▸ **Given data**
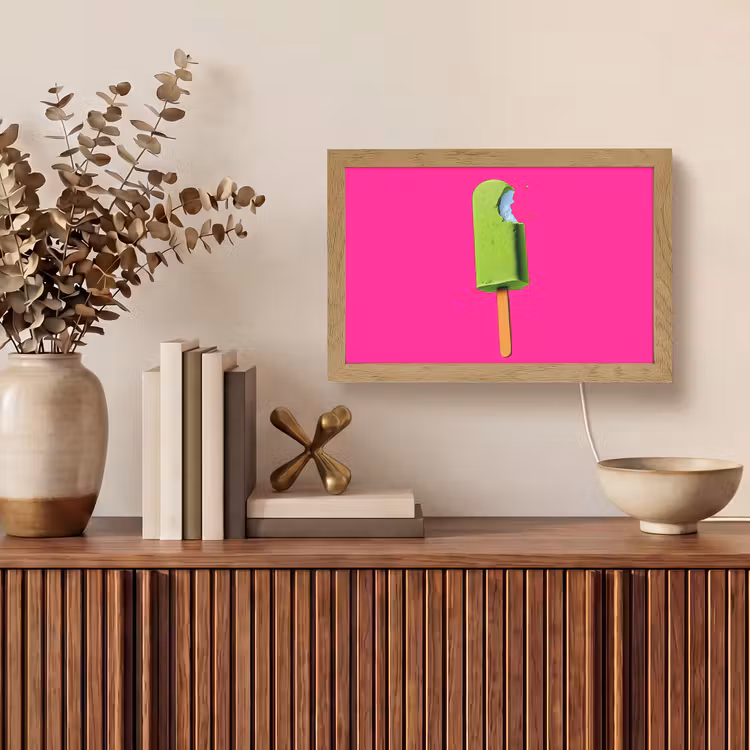 Ijsje - Stokje - Minimalistisch - Groen Light Box met kabel (Tafellamp) klein -sfeer2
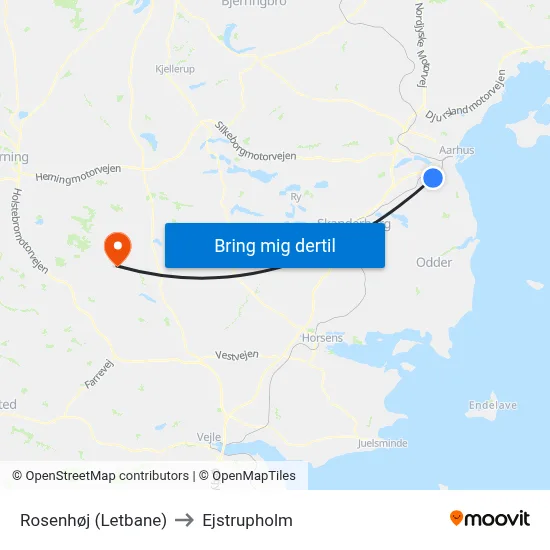 Rosenhøj (Letbane) to Ejstrupholm map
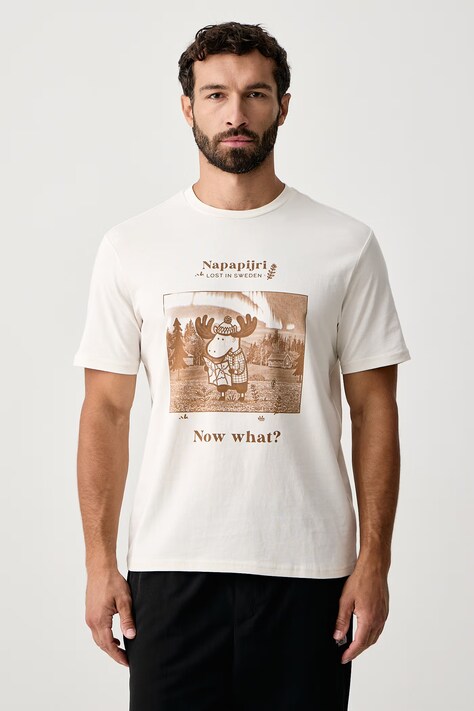 Napapijri T-shirt męski bawełniany Cabin beżowy NP0A8B3FN1A1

▸ **What is required**
Working from the material above, transcribe it exactly while omitting pictures.

▸ **Solution below**
 Ijsje - Stokje - Minimalistisch - Groen Light Box met kabel (Tafellamp) klein -sfeer2
 Rosenhøj (Letbane) to Ejstrupholm map
 Napapijri T-shirt męski bawełniany Cabin beżowy NP0A8B3FN1A1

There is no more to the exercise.